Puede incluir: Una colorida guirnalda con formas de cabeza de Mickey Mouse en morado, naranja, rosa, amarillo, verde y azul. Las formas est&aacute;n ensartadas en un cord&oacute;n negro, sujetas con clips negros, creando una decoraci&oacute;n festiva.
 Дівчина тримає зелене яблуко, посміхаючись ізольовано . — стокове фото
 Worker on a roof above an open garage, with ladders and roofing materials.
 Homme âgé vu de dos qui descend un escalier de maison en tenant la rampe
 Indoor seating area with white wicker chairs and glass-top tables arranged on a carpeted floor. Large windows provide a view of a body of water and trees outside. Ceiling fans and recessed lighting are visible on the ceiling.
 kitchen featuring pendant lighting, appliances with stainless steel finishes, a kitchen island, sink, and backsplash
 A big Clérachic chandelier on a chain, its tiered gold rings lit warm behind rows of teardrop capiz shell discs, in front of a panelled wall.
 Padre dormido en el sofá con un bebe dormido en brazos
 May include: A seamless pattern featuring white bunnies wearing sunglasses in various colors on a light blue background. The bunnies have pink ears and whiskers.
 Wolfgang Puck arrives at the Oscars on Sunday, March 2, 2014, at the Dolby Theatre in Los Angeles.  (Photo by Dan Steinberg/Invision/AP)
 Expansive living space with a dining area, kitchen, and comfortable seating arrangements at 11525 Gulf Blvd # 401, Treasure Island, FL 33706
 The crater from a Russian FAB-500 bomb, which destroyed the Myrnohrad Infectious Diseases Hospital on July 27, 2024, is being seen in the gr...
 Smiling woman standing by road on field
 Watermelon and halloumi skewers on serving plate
- - - - - - -
§ **TASK OBJECTIVE**
Your answer should consist of the lines from the line with "kitchen featuring pendant" to the line with "May include: A" above, repeated exactly, both ends included.

§ **SOLUTION FOR THIS PROBLEM**
 kitchen featuring pendant lighting, appliances with stainless steel finishes, a kitchen island, sink, and backsplash
 A big Clérachic chandelier on a chain, its tiered gold rings lit warm behind rows of teardrop capiz shell discs, in front of a panelled wall.
 Padre dormido en el sofá con un bebe dormido en brazos
 May include: A seamless pattern featuring white bunnies wearing sunglasses in various colors on a light blue background. The bunnies have pink ears and whiskers.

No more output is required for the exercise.